Exercise:
Below are records to be transcribed exactly; any pictures should be left out.

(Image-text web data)
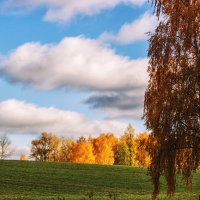 Золото осени на косогоре :: Ирина Приходько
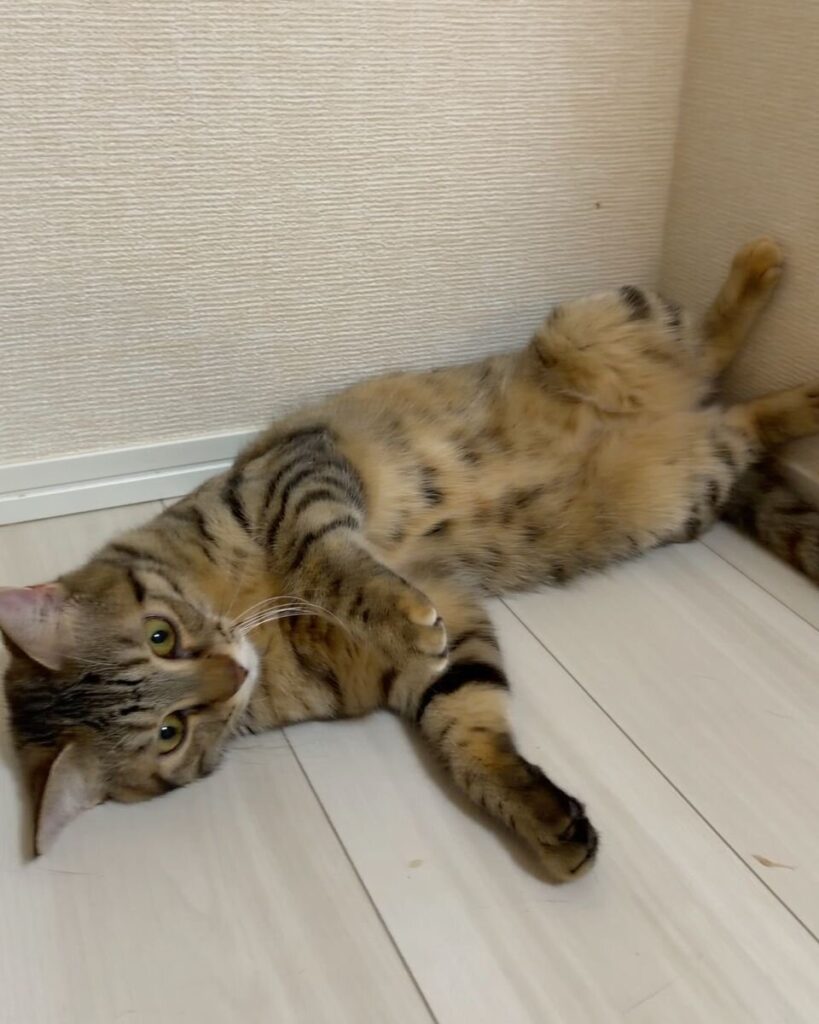 はな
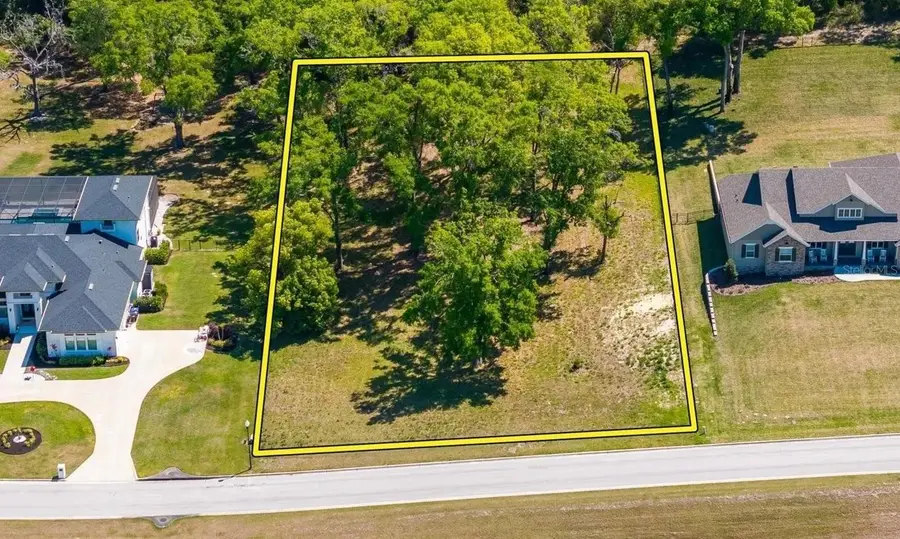 7041 Norne Lane, Mount Dora, FL 32757 - #3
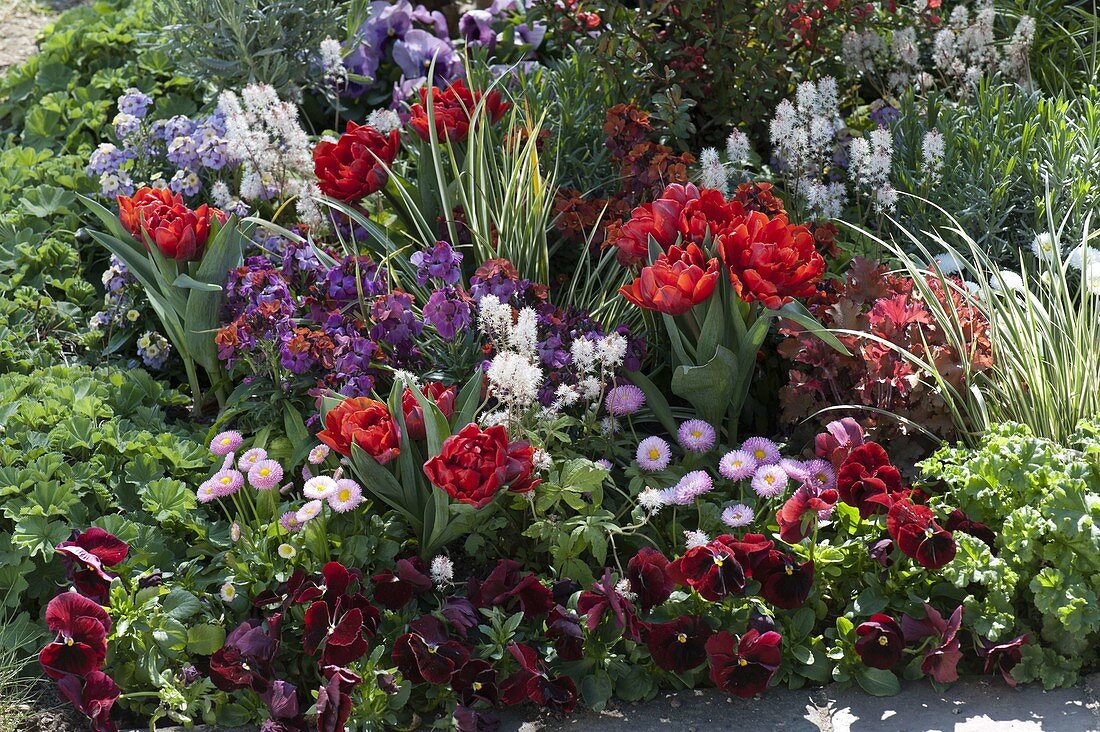 Red flowerbed with Chaenomeles speciosa 'Friesdorfer type 205'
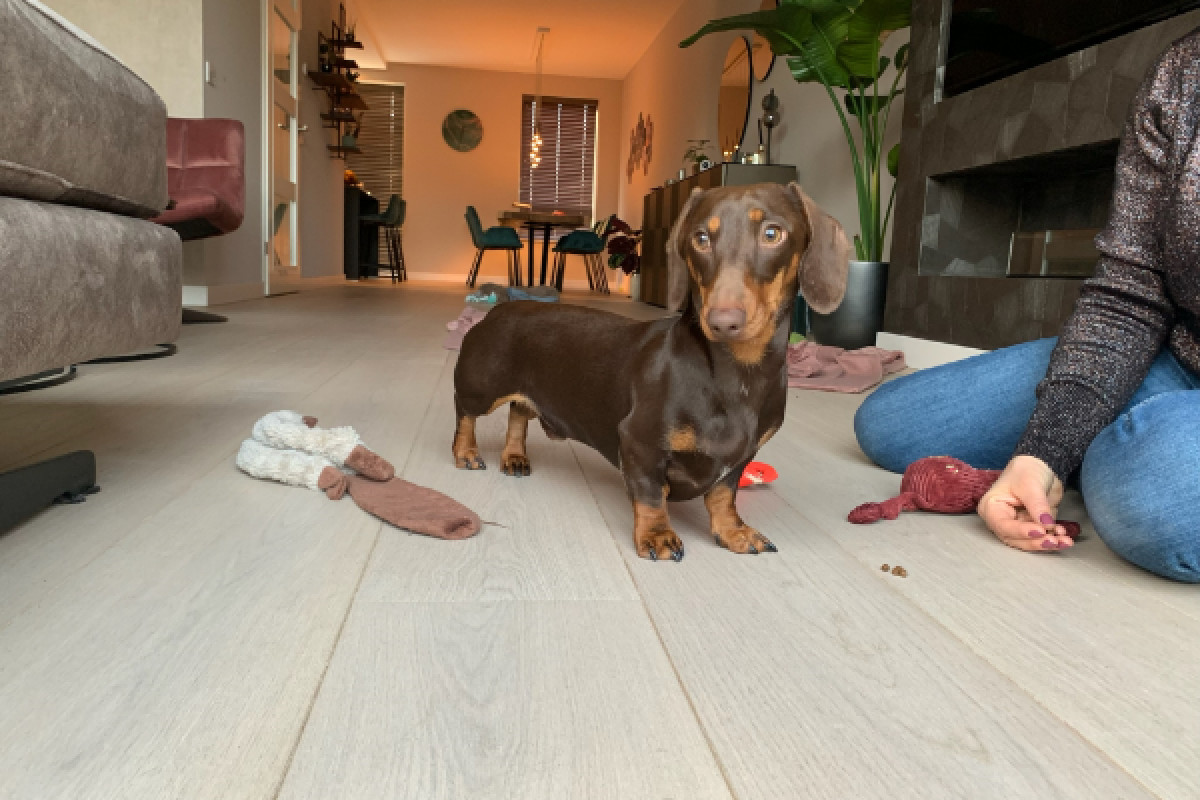 Mylo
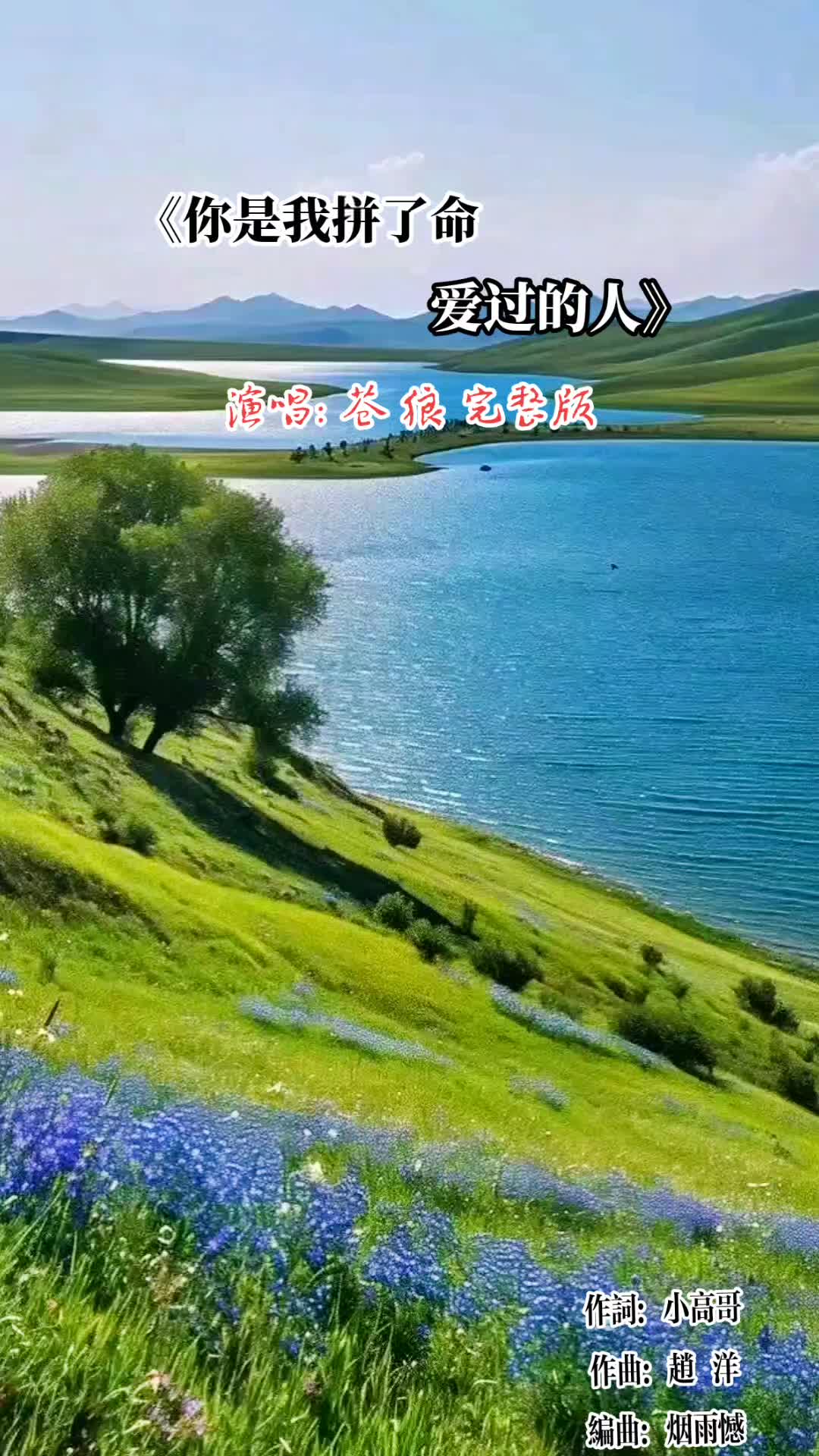 苍狼《你是我拼了命爱过的人》完整版~你可是我曾经拼了命爱过的人,如今却是我今生最该忘记的人.笑着对自己说没什么了不起,不就是这一辈子我忘不掉...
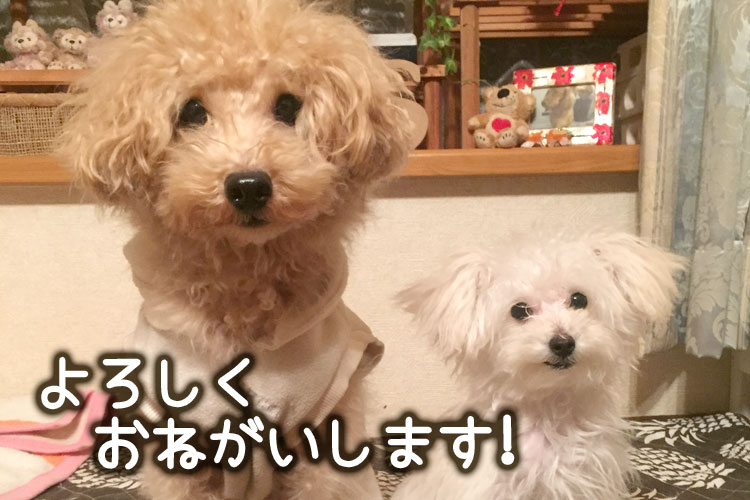 よろしくおねがいします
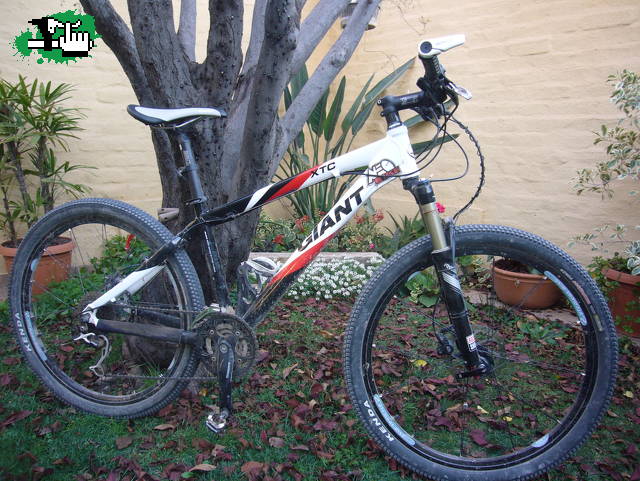 Mi nena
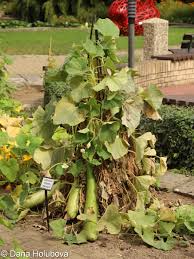 Image result for Lagenaria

Answer to this problem:
 Золото осени на косогоре :: Ирина Приходько
 はな
 7041 Norne Lane, Mount Dora, FL 32757 - #3
 Red flowerbed with Chaenomeles speciosa 'Friesdorfer type 205'
 Mylo
 苍狼《你是我拼了命爱过的人》完整版~你可是我曾经拼了命爱过的人,如今却是我今生最该忘记的人.笑着对自己说没什么了不起,不就是这一辈子我忘不掉...
 よろしくおねがいします
 Mi nena
 Image result for Lagenaria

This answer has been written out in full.